GNU が作成しているEmacs は 独自の日本語入力機能をもっていて、 IME が使えません。 IME を使うにはパッチを当てた Emacs をインストールする必要があります。
前回はそのうち gnupack と emacs 単体でのインストール方法について説明しました。 今回はそれに加え、前回からのアップグレードの方法についても説明します。

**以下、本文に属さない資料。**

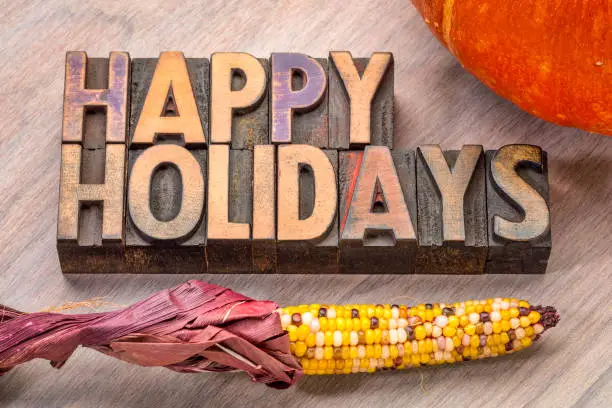 Happy Holidays banner or greeting card in vintage letterpress wood type with pumpkin and corn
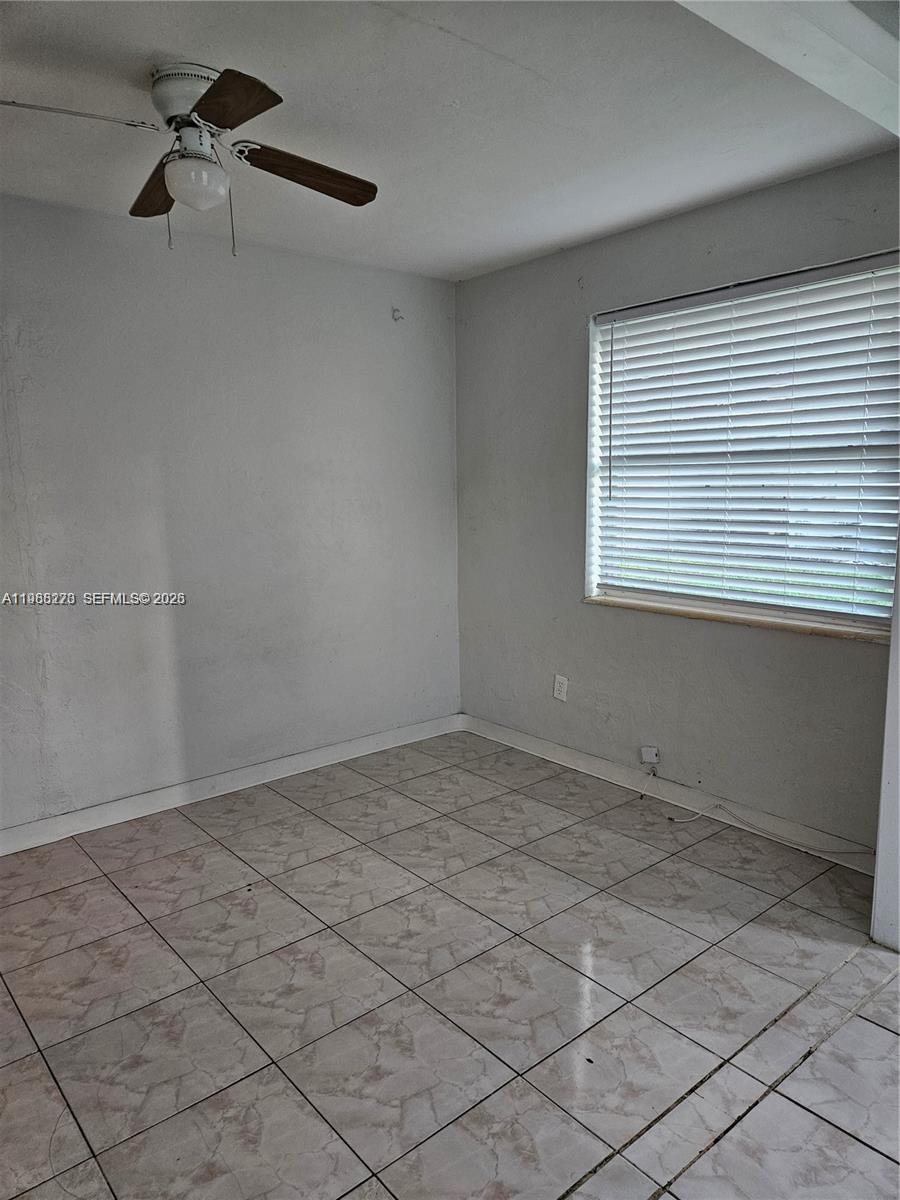 An empty room features light-colored tile flooring, white walls, a ceiling fan, and a window — 1437 NE 110th Ter # 4, Miami FL 33161, MIAMI, FL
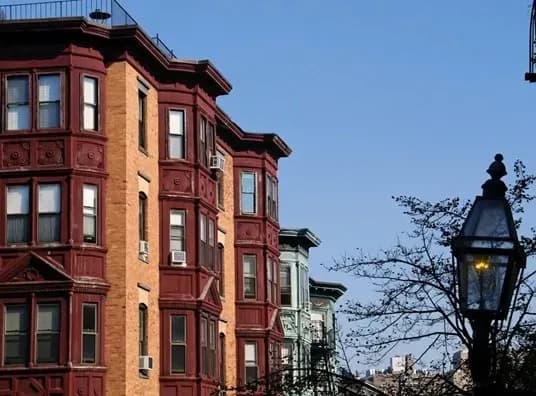Historic brownstone buildings with detailed facades in a city neighborhood stand against a clear blue sky. A vintage streetlamp glows softly nearby.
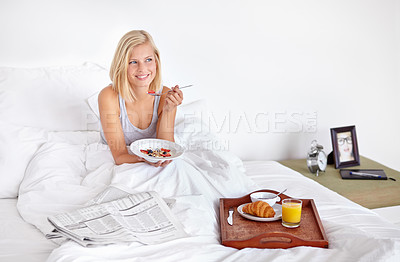 Buy stock photo Smile, thinking and food with woman in bed of hotel to wake up for morning hospitality or accommodation. Relax, breakfast and vacation with happy young blonde person in bedroom of home on weekend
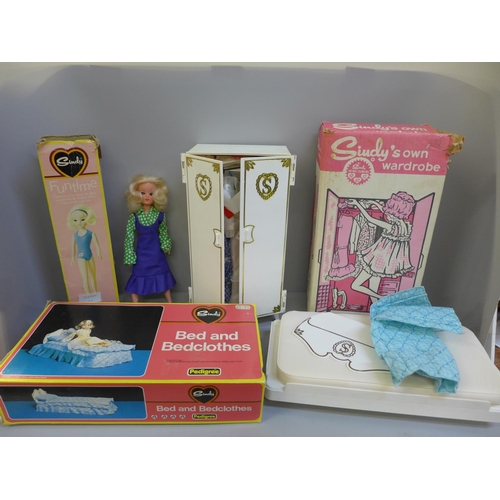 767 - A Sindy bed and bed clothes, wardrobe and Funtime doll with accessories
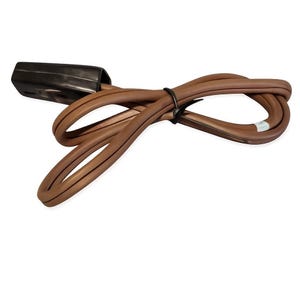 May include: A brown electrical power cord featuring a black plug head at one end. The cord is coiled into a figure-eight shape and secured with a small black plastic zip tie. The cable has a smooth, matte finish and a standard two-prong plug design.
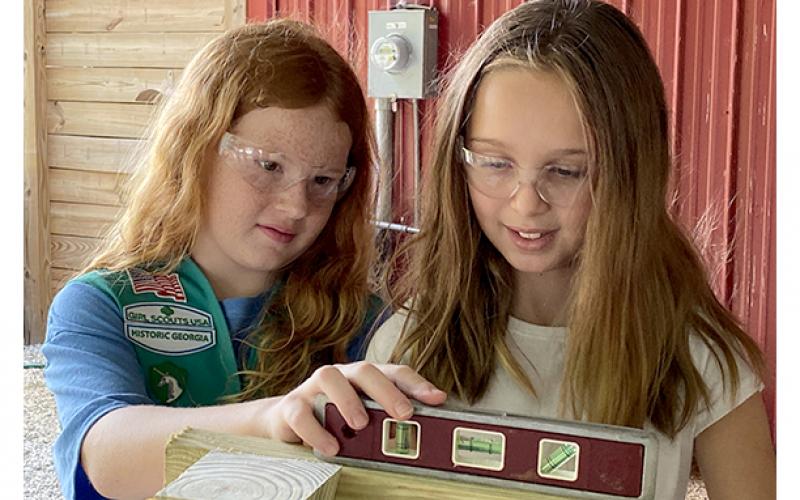 Girl Scout Juniors Kate Graham and Charlie Smith check to make sure the bench they are building is level.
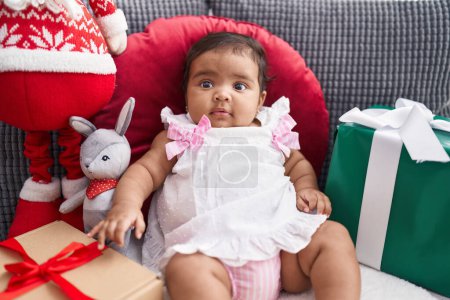 Téléchargez les photos : Bébé afro-américain assis sur un canapé par des cadeaux de Noël à la maison - en image libre de droit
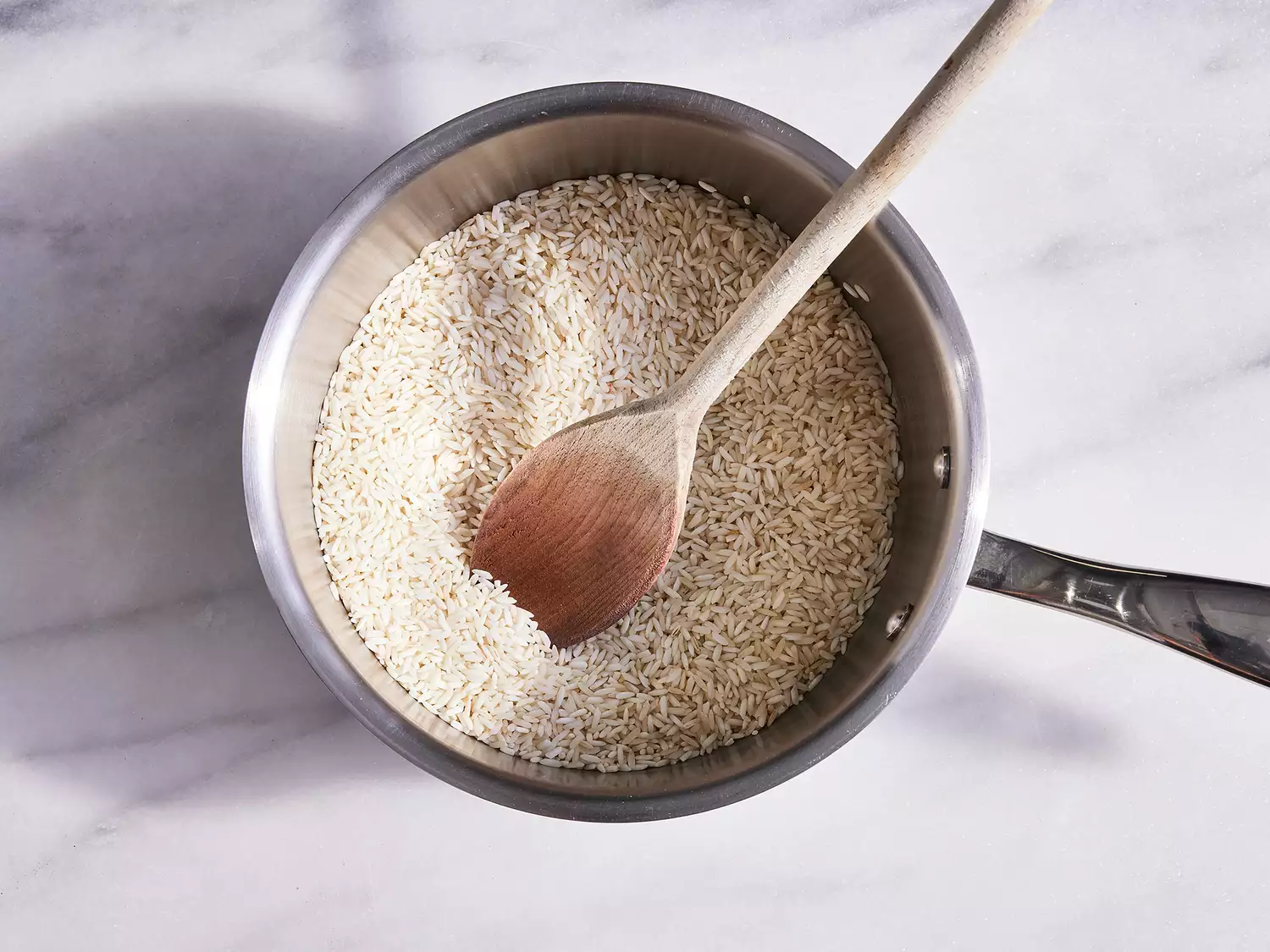 Uncooked rice added to sauce pan, cooking until fragrant. 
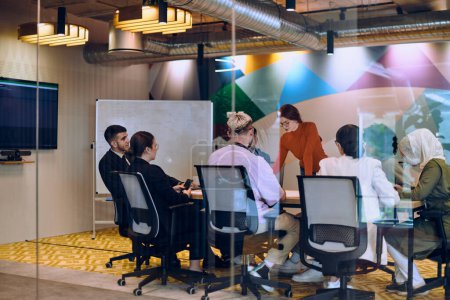 Téléchargez les photos : Une équipe diversifiée d'experts dans un bureau de verre moderne, à l'écoute attentive d'une présentation de collègues, favorisant la collaboration et l'innovation - en image libre de droit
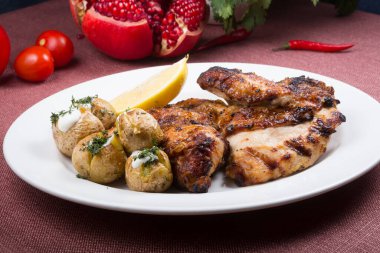 Yanında fırında patates olan kızarmış tavuk.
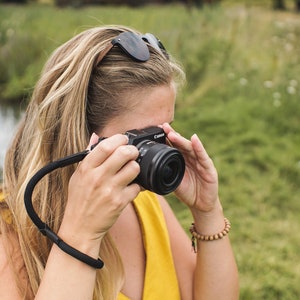 May include: A woman in a yellow dress is holding a black camera with a black strap. She is looking through the viewfinder of the camera.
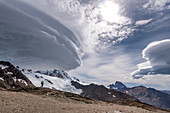 Climber at the Paso del Viento, cloud swirls, Los Glaciares National Park, Patagonia, Argentina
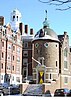 A rounded brick building with windows that look like eyes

  1. gnupack(Cygwin+Emacs) のインストール
  2. Emacs 単体のインストール
  3. Emacs 単体のアップグレード(以前環境からの引っ越し)
2016-11-02 追記
Emacs 25.1 に対応しました。 ただし、 gnupack 版はまだ出ていないようなので、 単体のみです。

gnupack(Emacs+Cygwin) のインストール

パッチのあたった Emacs と Cygwin をまとめてすぐ使えるようにした gnupack が公開されています。 Cygwin とは Windows で Unix 環境を作り、 Unix のツール群を使えるようにするものです。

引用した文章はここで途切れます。